I'm running through all this because of the crazed response to Representative Alexandria Ocasio-Córtez (D-NY) when she said that the United States is now running concentration camps on the Mexican border:

AOC is simply correct. They're not death camps, but they are concentration camps. Nobody is insulting the memory of the Holocaust victims except the WASP bitch goddess Cheney (like Meghan McCain before her, but worse, given her family connection with torture and other war crimes) assuming she's entitled to speak on behalf of the Jews.

Central American migrants up until 2017 used to melt into the general population under the "catch and release" policy that sent them to be cared for by relatives and friends, even in the unaccompanied-minors crisis of 2014, when the enormous numbers of kids arriving without parents broke the Obama administration's ability to handle it according to the principles laid down in the Flores Agreement for some months. The "released" migrants didn't in fact disappear into the population, as the Trumpists want you to believe (and may actually be happening in the incompetence of the current chaotic misrule); they almost always make their court dates, and the rate could easily be pushed close to 100% with the use of ankle-bracelet monitors.

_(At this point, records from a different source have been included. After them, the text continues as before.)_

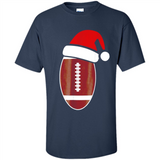 Christmas Football Shirt - Football Santa Hat Christmas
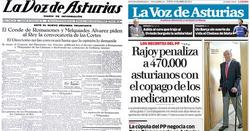 Primera y última portada de La Voz de Asturias. | La Voz de Asturias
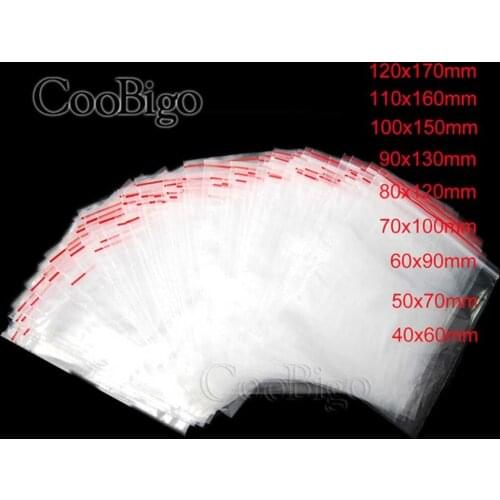 100pcs Pack Thickness Jewelry Ziplock Bags Zipped Lock Reclosable Clear Jewelry Craft Packaging Storage Bag Transparent Bag 60XX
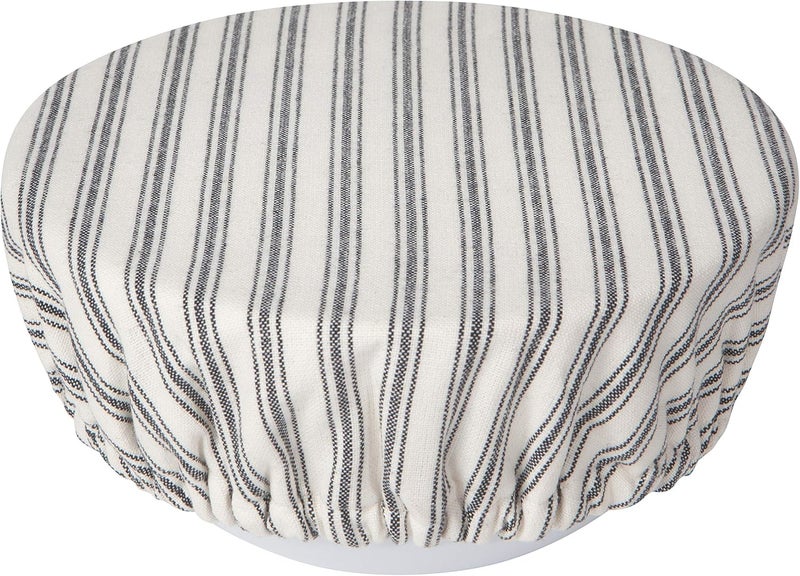Now Designs Now Designs Reusable Bowl Cover to Reduce Waste Ticking Stripe  Large  Medium  Set of 2 - Image 2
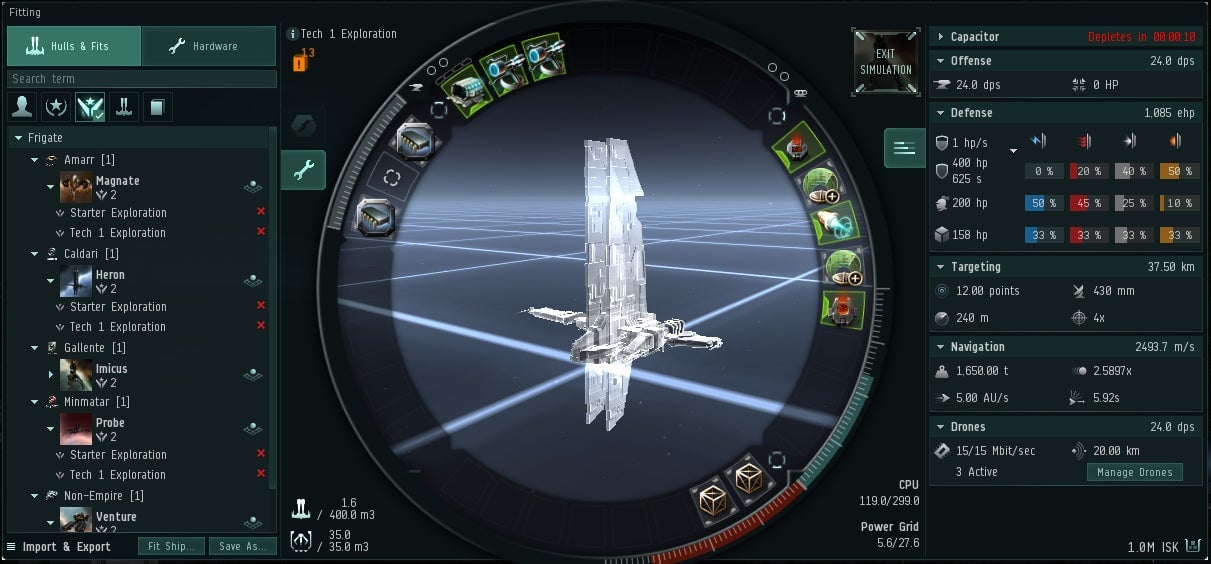 Simulated Fitting Window - Heron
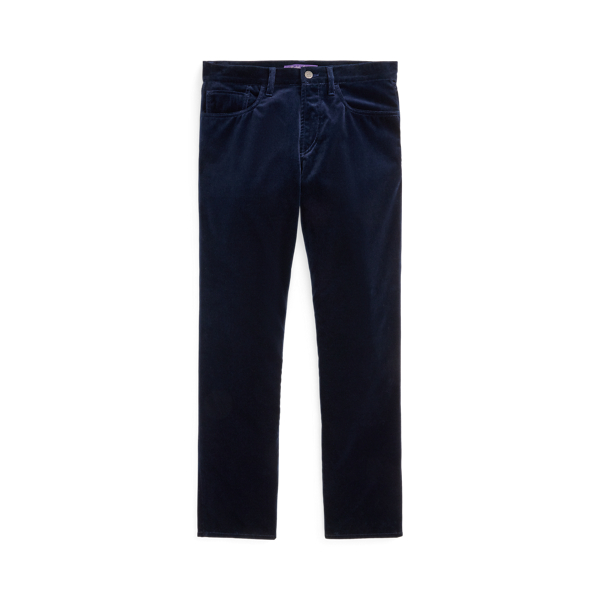 Straight Fit Velvet Five-Pocket Trouser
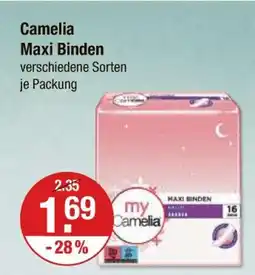 V Markt Camelia maxi binden Angebot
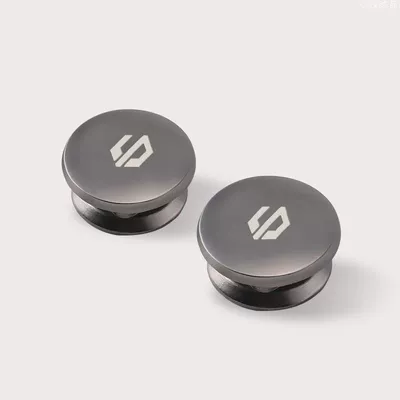 Car hanging Invisible Stickers, Seat Backs, Car - zero-run-one-pair-cnc-carved-light-luxury-aluminum-alloy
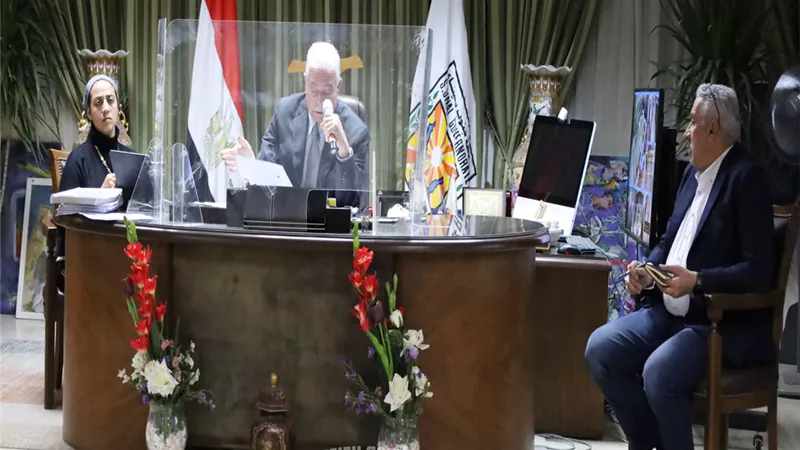 إجتماعات مكثفة لمحافظ جنوب سيناء إستعدادا لمؤتمر المناخ نوفمبر 2022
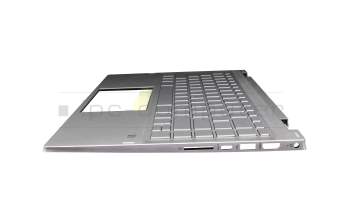 L85716-041 Original HP Tastatur inkl. Topcase DE (deutsch) silber/silber mit Backlight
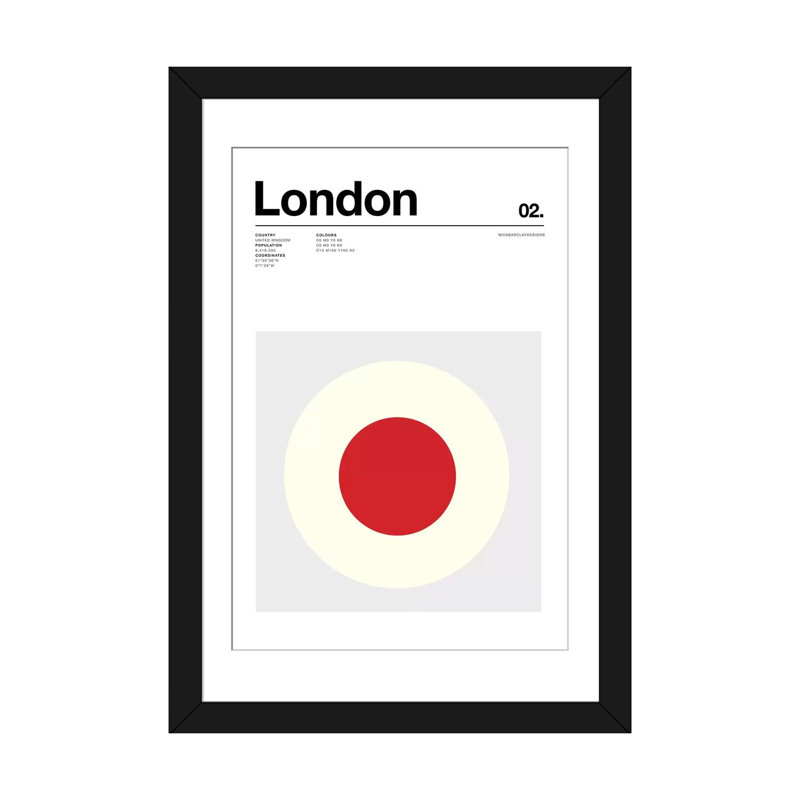 « london », impression sur toile, H 26 po x l 18 po x P 1,5 po, Toile tendue, Blanc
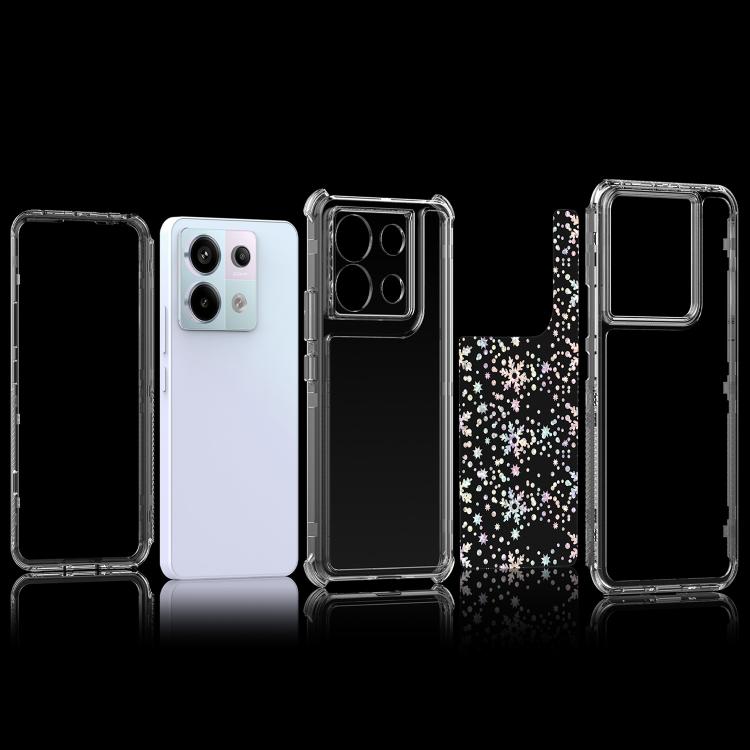 For Redmi Note 13 Pro 5G Transparent Acrylic Laser Paper Phone Case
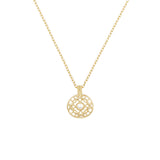 Enchanted Adjustable Necklace in Ivory Pearl/Gold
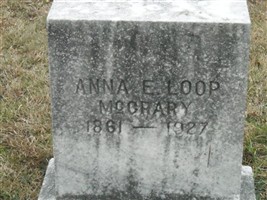 Anna E Loop McCrary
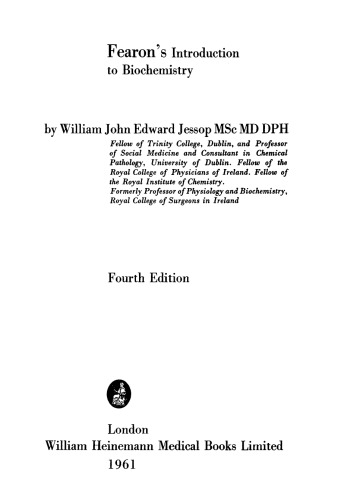 Fearon's Introduction to Biochemistry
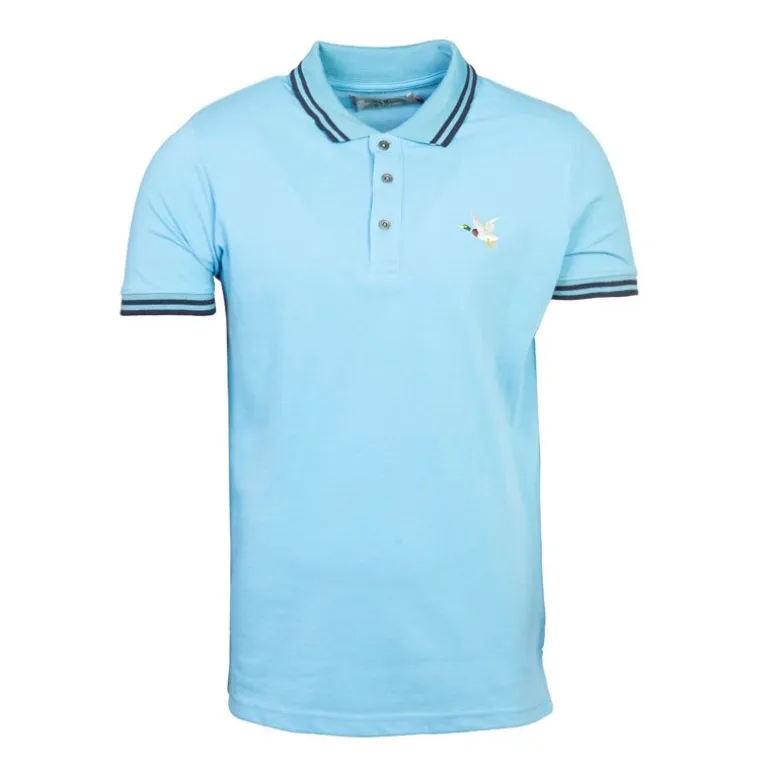 Polo sherman logo coloré brodé avec boutons argentés Homme CHEVIGNON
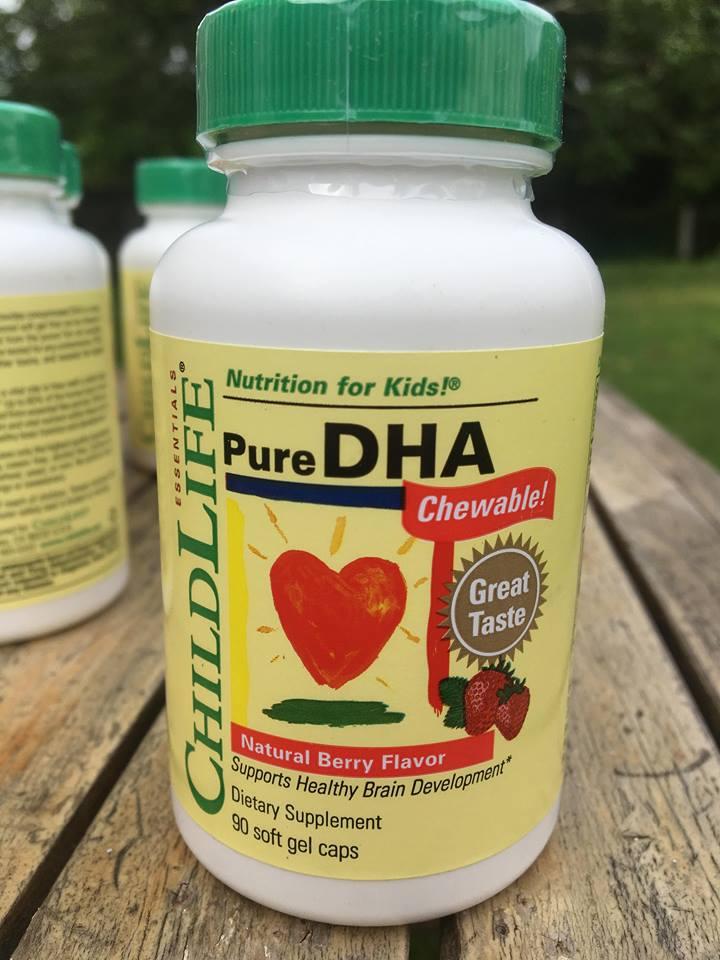 ChildLife® Pure DHA , Natural Berry Flavor, 90 SoftGel Caps ดีเฮชเอบริสุทธิ์ สำหรับเด็ก 6เดือน - 12 ขวบ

But what the Trump administration is trying to do is concentrate them in a single location, with the purpose of "deterrence", as Sessions and the others have consistently explained, that is of showing people in Central America that in spite of US and international law on asylum, if you seek asylum in Trump's US the law will not apply and you will be punished. To keep them under constant surveillance, unable to work, study, have babies or choose not to have babies, friend separated from friend, sister from brother, child from parents, just pulled out of society and reduced to nothing but scrambling for food and shelter, and dreadful deprivation—if you haven't read this thread yet please do—

They aren't death camps, though people have started dying, kids first as you'd expect. They're not purposeful enough for that, or organized. That doesn't mean we shouldn't stop doing them. They're definitely bad enough to stop.